President Obama played a good political hand last week -- one that contains some economic merit -- by calling for Congress to extend the Bush tax cuts at the end of this year for all Americans but the less than 2 percent with federally taxable income of more than $250,000 a year, after deductions and credits.
The president's economic themes appear to resonate with a growing number of voters, according to a poll from the Pew Research Center on Friday. Obama was seen by 48 percent as the candidate most likely to improve the economy, while Mitt Romney's share dropped to 42 percent.
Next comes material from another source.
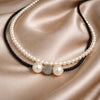 Mina JLL Pearl necklace on fabric – long pearl and spinel necklace with white topaz accent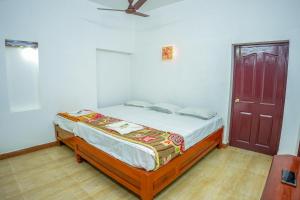 a bedroom with a bed and a brown door at Hidden Heaven Villa in Puducherry Airpoert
Obama, who's running a populist campaign, agreed to extend the 2001 cuts for all in late 2010 for two years under a compromise with the Republican leadership. Not this time. Senate Republican Leader Mitch McConnell and his troops charge that Obama's plan will hurt the "job creators" and amounts to "class warfare."
As billionaire investor Warren Buffett has said, his class won.
Moreover, the wealthiest are not necessarily the job creators. The seven-figure paydays of the past decade have gone to investment managers, hedge fund and buyout jockeys. Their No. 1 job, as it was for Romney when he ran LBO firm Bain Capital, is making a return for investors, not adding workers.
And the chief executives at many of the United States' largest public companies are heading for their third year of record profits and paydays. In Minnesota, businesses on the Star Tribune 100 list of the largest public companies employed fewer workers in 2011 than in 2007. Leaner companies have profited hugely from higher worker productivity since 2009.
Meanwhile the income gap between the rich and the working class has accelerated. Real wages for workers have barely budged for 30 years.
"Even Romney says he's not worried about the rich," quipped David Cleveland, the retired CEO of Riverside Bank, who made his money staking small-business entrepreneurs for 30 years before he sold to Associated Bancorp a decade ago. "The wealthy are not even close when it comes to being entrepreneurs.